President Emmanuel Macron on Monday staunchly defended his widely unpopular pension reform but said he understood the “anger” felt by the French after three months of protests.
His speech was met with yet more, sometimes violent, protests throughout France.
Addressing the nation for the first time since signing the reform into law, Macron said he regretted that no consensus had been found on the change.
Macron signed the legislation early Saturday, just hours after its banner change to hike the retirement age from 62 to 64 had been validated by the constitutional court, prompting accusations he was smuggling the law through in the dead of night.
The left and unions dismissed his latest attempt to ease tensions and warned of mass Labour Day protests on May 1.
Polls have consistently recorded a majority of French opposed to the reform, which the government rammed through parliament using a controversial mechanism to avoid a vote.
Speaking from the Elysee Palace, Macron defended the reform as “necessary” and insisted “doing nothing” was not a solution.
“Has this reform been accepted? Obviously not. And despite months of consultations, no consensus could be found and I regret it.”
Noting the protests that have raged against the reform, he added: “No one, especially not me, can remain deaf to this demand for social justice.”
The president assured that his “door will always be open” to talks with the unions.
Macron’s personal popularity ratings have eroded with some analysts suggesting he has given a head start to far-right leader Marine Le Pen down the long path to 2027 elections.
‘No point in listening’
As the president spoke, thousands gathered outside town halls across France, banging saucepans in a bid to drown out the speech.
“He hasn’t listened to us for three months. We’re doing this to show there’s no point in listening to him either,” 57-year-old projectionist Benedicte Delgehier said in Paris.
After the speech, hundreds joined spontaneous protests in the capital, setting fire to garbage containers with police firing tear gas canisters to disperse them, AFP correspondents said.
In all, around 2,000 people protested in Paris, local officials said, with the streets of the capital ringing to chants of “Macron resign!”
Police in the city of Lyon reported that protesters lit bins on fire and hurled projectiles at officers before being driven back by tear gas, with similar scenes in other major towns.
Opponents from across the board said Macron’s speech had only reinforced concerns about how the reform was handled.
“He chose to turn his back on the French and ignore their suffering,” said far-right figurehead and former presidential candidate Le Pen.
Hard-left leader Jean-Luc Melenchon said Macron was “totally out of touch with reality”.

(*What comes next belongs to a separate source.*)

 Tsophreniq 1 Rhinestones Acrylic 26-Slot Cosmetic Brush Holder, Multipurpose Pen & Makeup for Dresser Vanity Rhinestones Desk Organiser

CFDT union leader Laurent Berger said Macron had “not uttered a word” on easing tensions.
Possibly more troublingly for the president, the head of the right-wing Republicans who supported the reform, Eric Ciotti, dismissed the speech as a “catalogue of pious wishes” and said Macron’s “method had clearly not changed”.
Although unions have spurned an invitation for talks with Macron, he is due on Tuesday to meet employers’ associations at the Elysee.

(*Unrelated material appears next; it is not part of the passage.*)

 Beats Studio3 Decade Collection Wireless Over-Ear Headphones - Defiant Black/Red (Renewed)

Macron said he had tasked his government led by Prime Minister Elisabeth Borne to lead 100 days of action “at the service of France” to ease tensions and promote unity.
‘Within slapping range’
The prime minister should lay out a roadmap in the next days with the first results to be announced on France’s national day on July 14, Macron said.
He promised “major announcements” during May including action against juvenile delinquency and also “reinforcing controls against illegal immigration”.
But no cabinet reshuffle is planned in the near future, several sources close to the presidency told AFP.
The president, often consumed with diplomacy, will this week also make at least one trip within France after criticism that he is failing to connect with people.
“I want Macron to spend more time on the ground,” said one cabinet minister, who asked not to be named. Even “within range of being slapped”.
The crisis also comes at a time of increasing challenges on the international stage for Macron, who faced accusations of cosying up to China on a visit to Beijing.
Macron, 45, came to power in 2017 promising reform and a fresh new politics. But opponents accuse him of increasingly reclusive and anti-democratic behaviour.
“Emmanuel Macron is far from finished from having to deal with the social and political crisis, which he continues to dangerously stir up,” said Le Monde newspaper in an editorial.